CAMS Weekly View from the Corner – Week ending 1/29/21
February 1, 2021
With the calmness of the stock market in recent weeks the Fear Gauge has remained more elevated than one would think. If it continues to hold relatively high it may be offering some concern levels beyond what the consensus is feeling relative to the stock market.
– Weekly View January 11, 2021
We titled our first Weekly View of 2021 “The Unrelenting Fear Gauge” whereby we shared a few observations and forward thought experiments relative to the massive (and ongoing) money printing and indebtedness.

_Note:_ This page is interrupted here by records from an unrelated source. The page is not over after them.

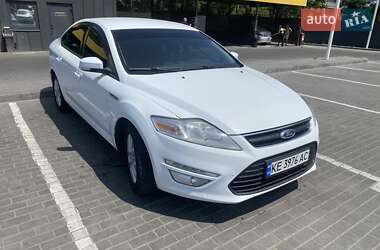 Седан Ford Mondeo 2012 в Дніпрі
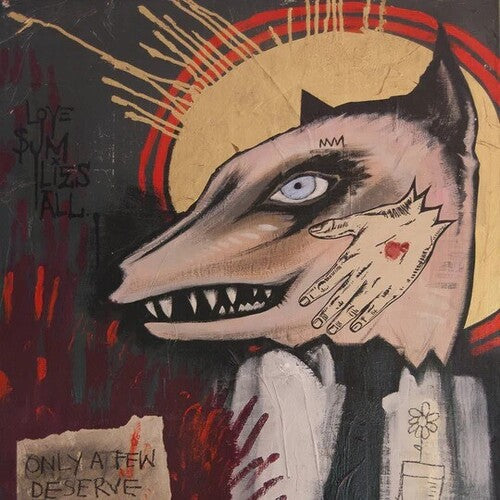 JIHAD,ANDREW JACKSON - KNIFE MAN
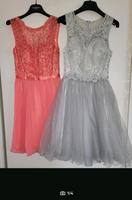 Kleid Fa Laona Gr XXS 32 Konfirmation Jugendweihe Abiball Tanz Sachsen-Anhalt - Stendal Vorschau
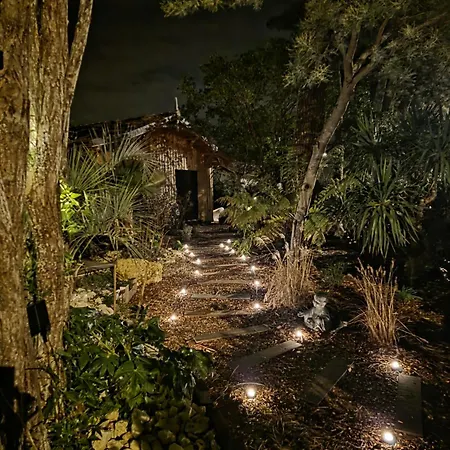 L'eden, Un Petit Paradis Pour Deux Ferienhaus Lège-Cap-Ferret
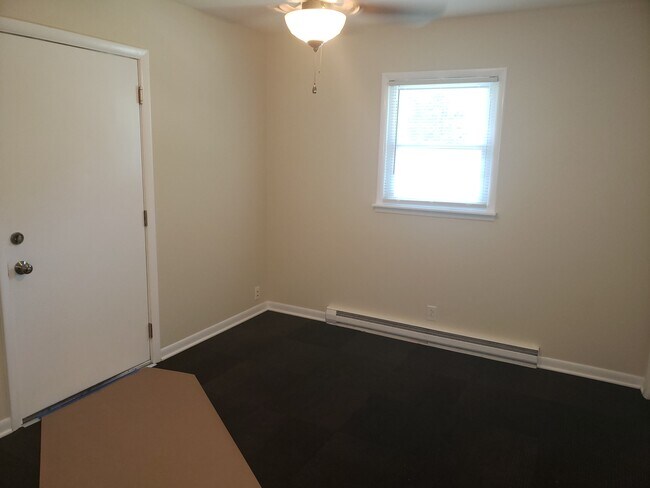 Bedroom #1 - 322 S Washington St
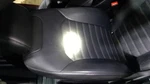 Passenger Front Seat Bucket Leather Heated Fits 15-16 Fusion 954774. Fixed Price $341.00.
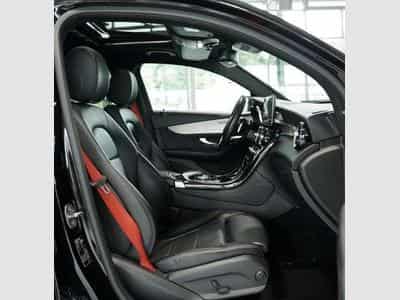 Mercedes GLC 250 4M AMG Line *19*GSD*Ambiente*Kamera*SHZ (2018) - Photo 11
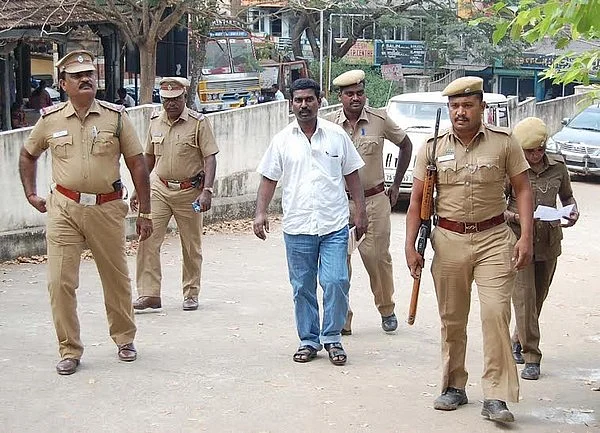 இலை மலர்ந்தது... ஆனால் ஈழம் மலர வில்லை... குமரியில் ஒலித்த ஈழத் தமிழர் குரல்!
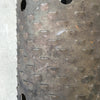 Repurposed Industrial Brutalist Light Fixture Product Image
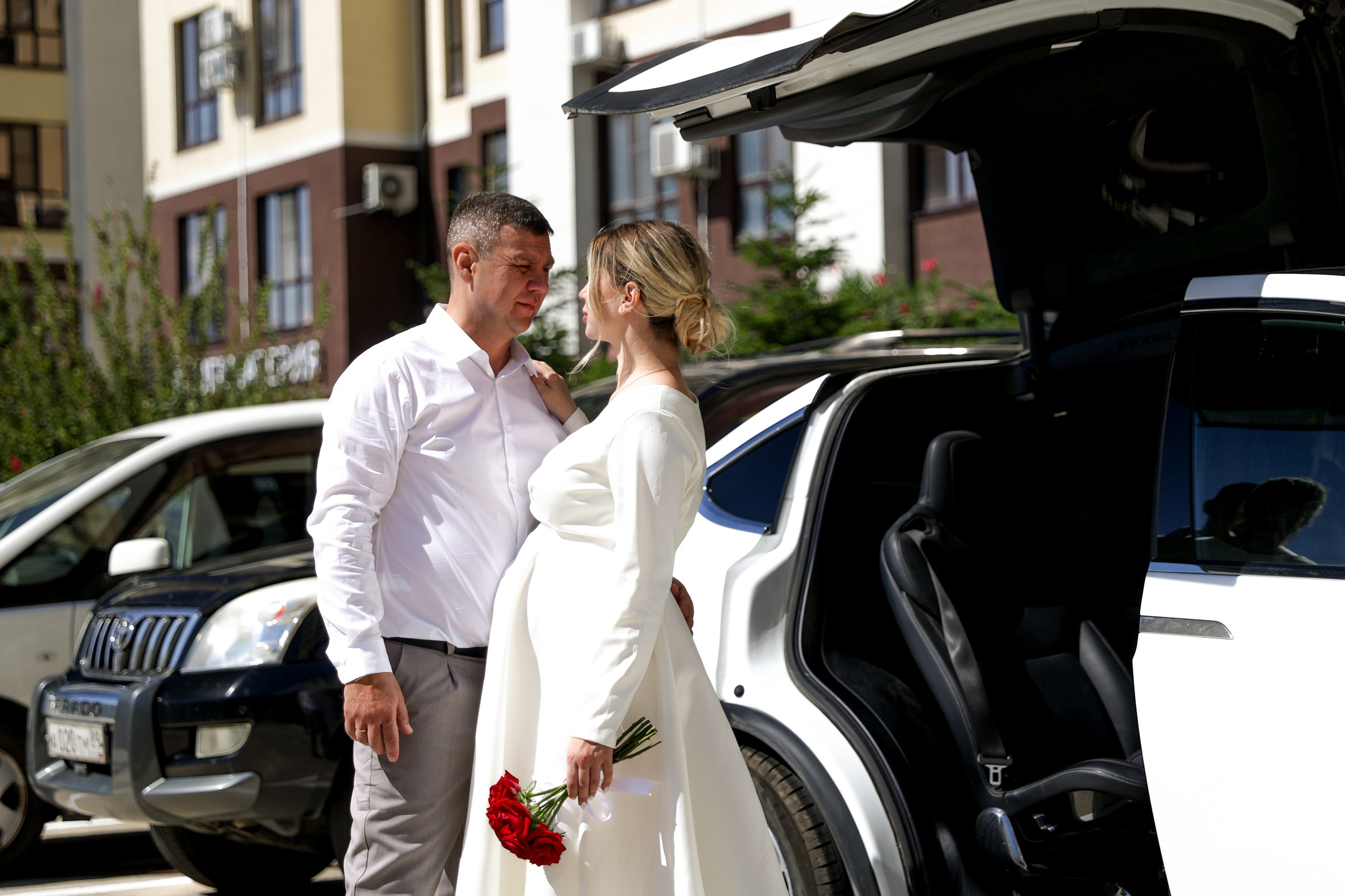 Свадебный и портретный фотограф в Сочи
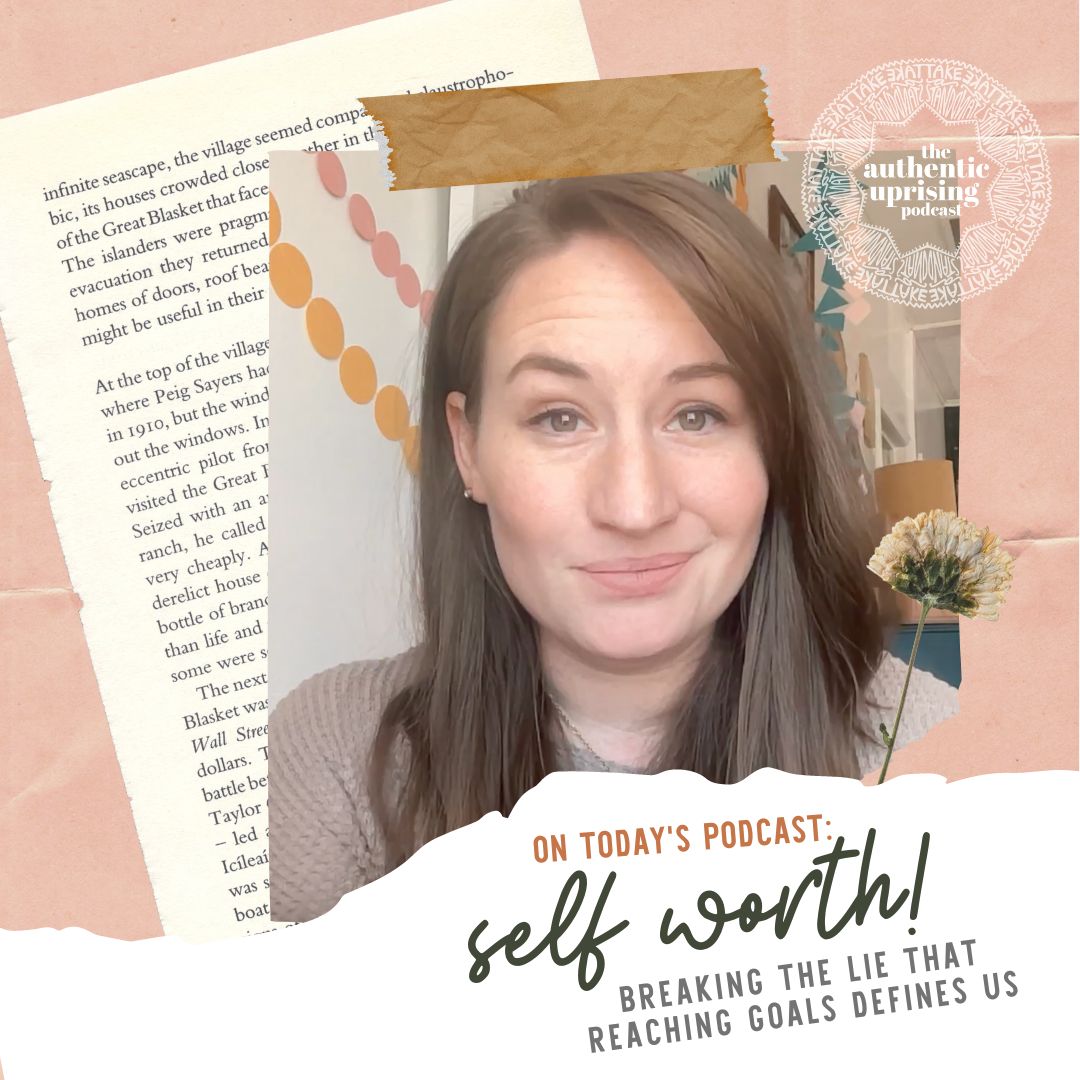 The Authentic Uprising Show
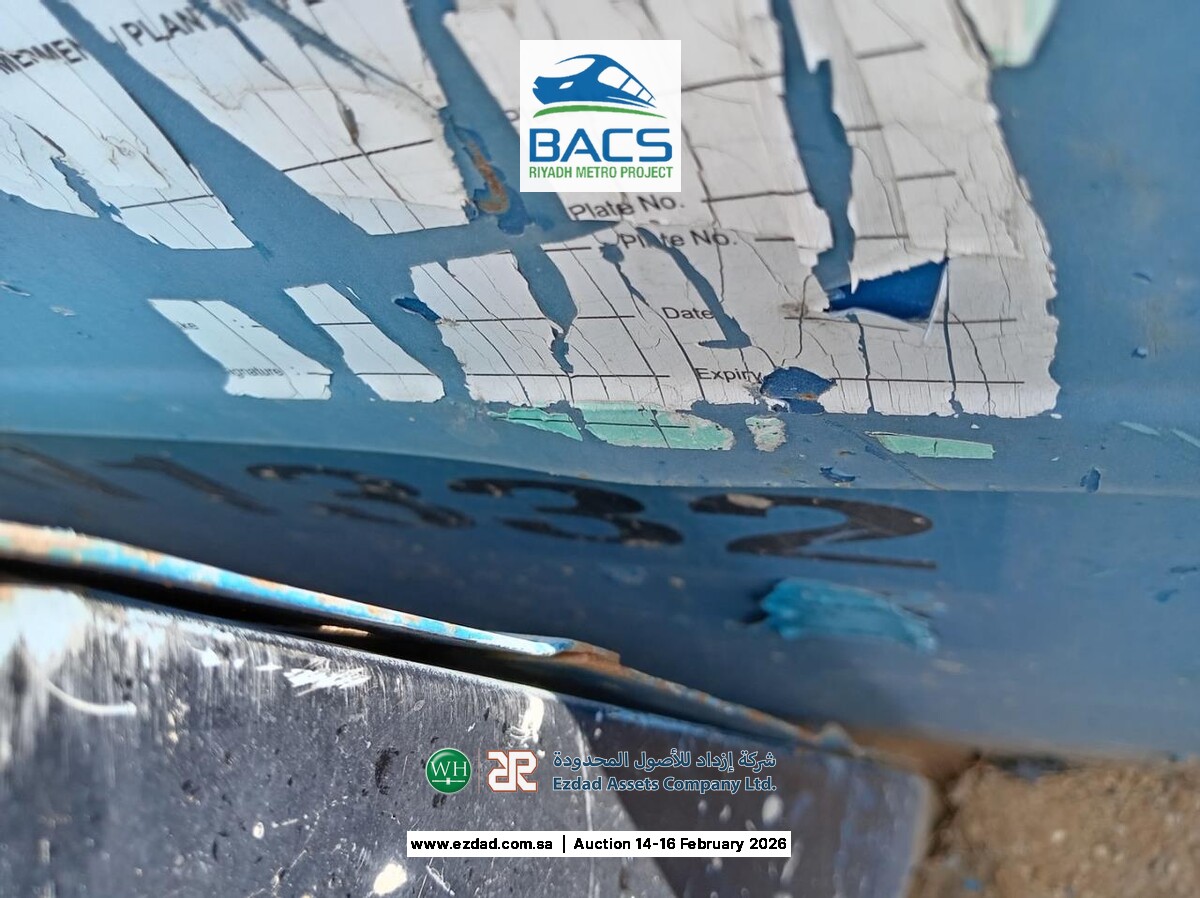 2005 Miller Blue SRH500 CY50 Welder-45158033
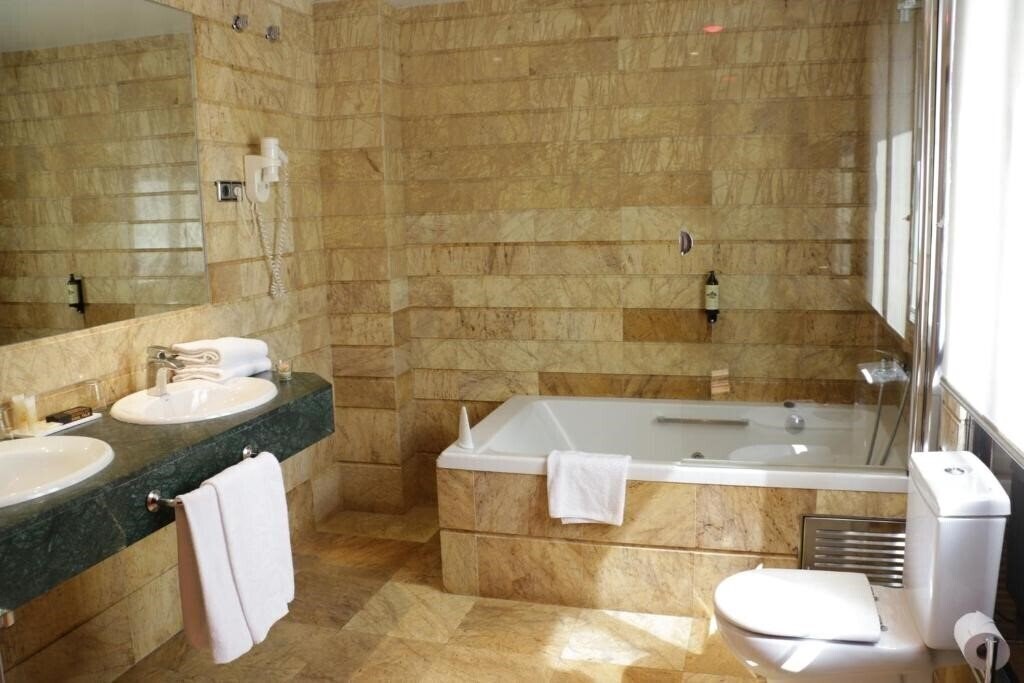Картинка ITC Barcelona by Soho Boutique 2*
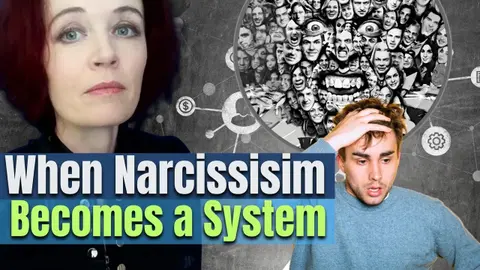 How to Spot a Narcissistic System: The Architecture of Loneliness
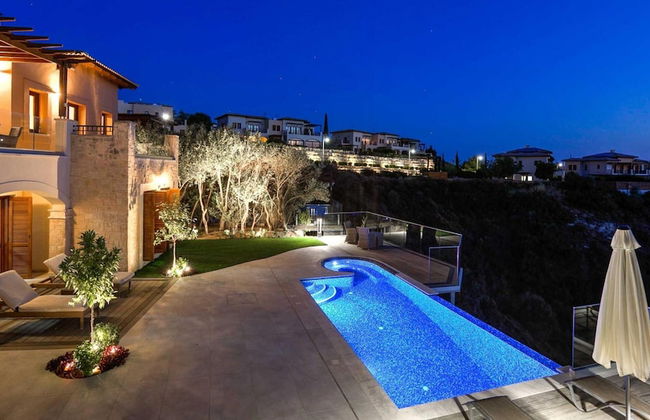 Junior Villa Az02 ZV - Lania - Foto 27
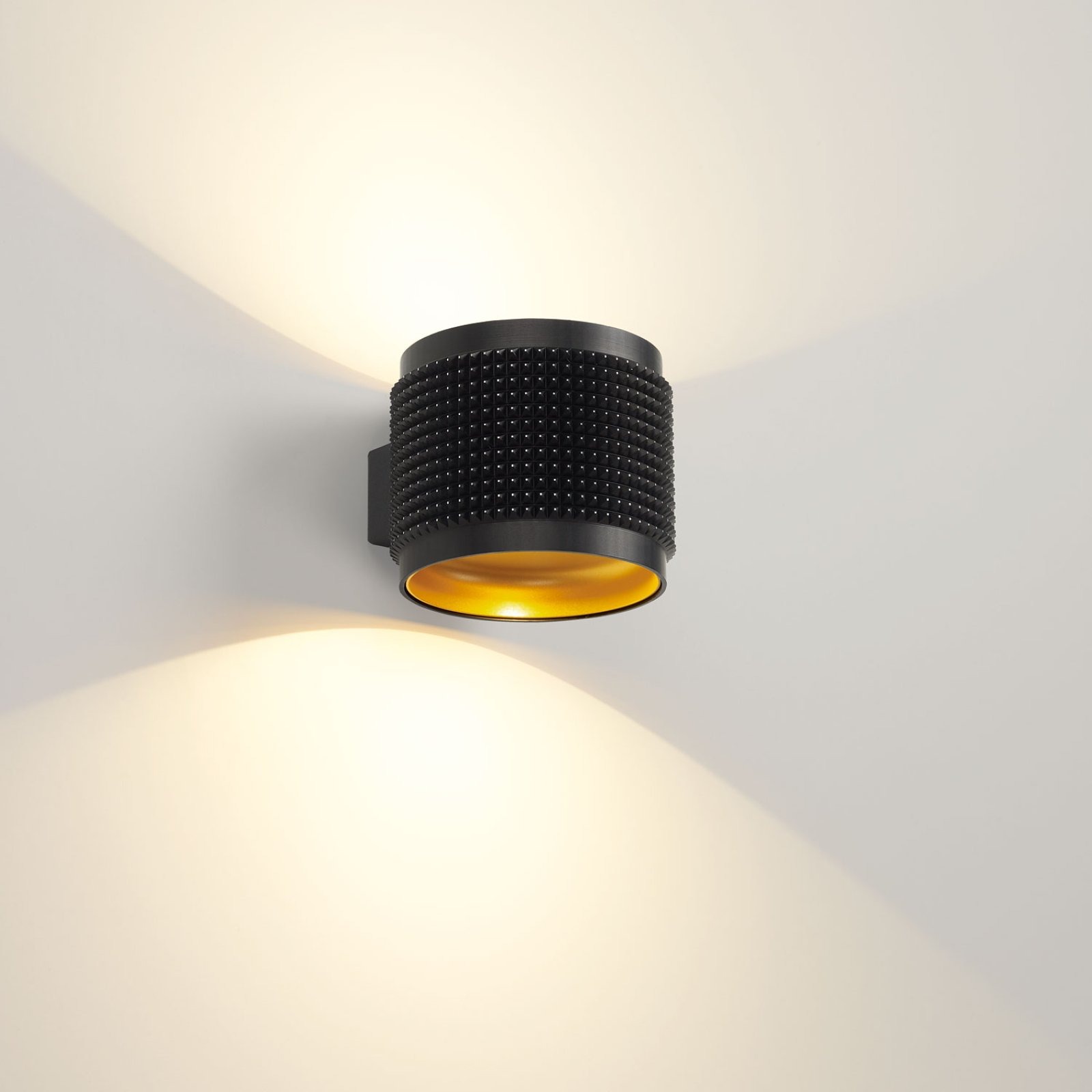 ORBIT PUNK LED 927 DIM8 GC-B золото цветное Delta Light настенный светильник 4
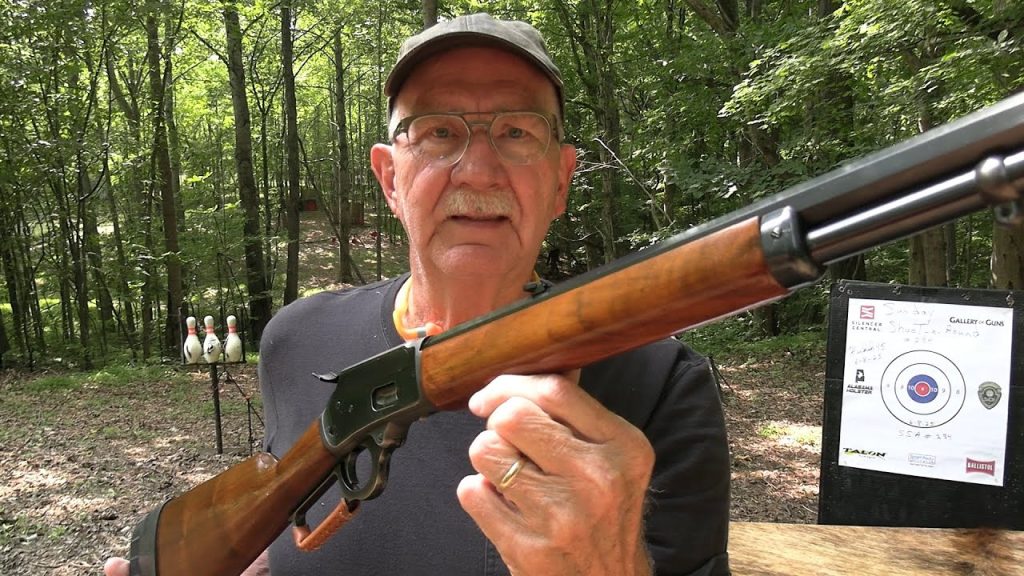 Sunday Shoot-a-Round # 284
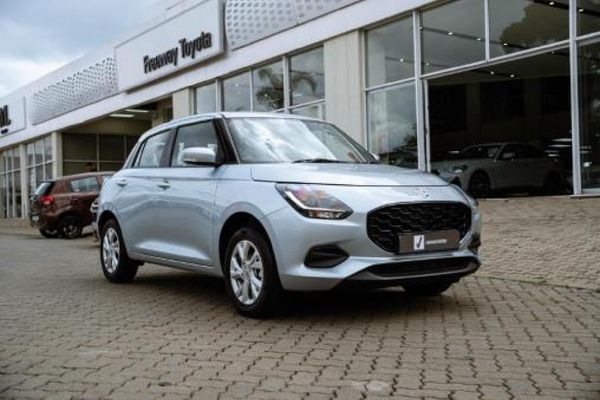2025-Suzuki-Swift-12-GL image:8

Per the title, the Volatility Index (known as the Fear Gauge in slang) played a part in the discussion. Our header quote excerpts the curious observation, at that time, relative to the behavior of the Fear Gauge.
The backdrop of the stock market was one of a notably tepid uptrend. Tepid uptrend’s always raise our suspicion of their staying power when enthusiasm is so muted, but yet, it was still an uptrend. So why did the Index remain elevated against a calm tepid uptrend?
When behaviors do not quite add up in the market landscape it is wise to pay close attention and start asking observatory questions. When diverging behaviors develop collective market participants are sending a message, albeit an unclear message. Nonetheless, regardless of the level of clarity, more often than not it means something.
Above is the Volatility Index dating back to the late summer of 2019. In our aforementioned “Unrelenting Fear Gauge” edition we shared how it remained stubbornly above the twenty level which historically offers some level of uneasiness. The horizontal blue line depicts the twenty level.
Per the chart, notice the summer and fall season of 2019 and how it remained below said twenty level. In early 2020 it went straight up for obvious reasons. More to the right side of the chart – December and early January – it would try but refused to penetrate the blue line, hence our curious questioning.
Current day, we have seen this rise solidly above the red line. The red line is a 200 day moving average. Traditionally, in charting any price movement in any asset market, the 200 day moving average offers a line in the sand between constructive price action (north of 200) and unhealthy price action (south of 200.)
In the case of the above Volatility Index, we see the blue line has held and now the red line has been surpassed. With this, the Volatility Index – a.k.a. the Fear Gauge – is no longer merely offering curious behavior but rather is in full bloom. More to the point, fear is building rapidly.
Caution is warranted as market behaviors continue to get more concerning. At this stage we will be watching closely as to whether markets can hold up and display constructive behaviors thereby offering safer times ahead. For now, caution is the operative stance.
I wish you well…
Director, Market Research & Portfolio Analysis
H&UP’s is a quick summation of a rating system for SPX9 (abbreviation encompassing 9 Sectors of the S&P 500 with 107 sub-groups within those 9 sectors) that quickly references the percentage that is deemed healthy and higher (H&UP). This comes from the proprietary “V-NN” ranking system that is composed of 4 ratings which are “V-H-N-or NN”. A “V” or an “H” is a positive or constructive rank for said sector or sub-group within the sectors.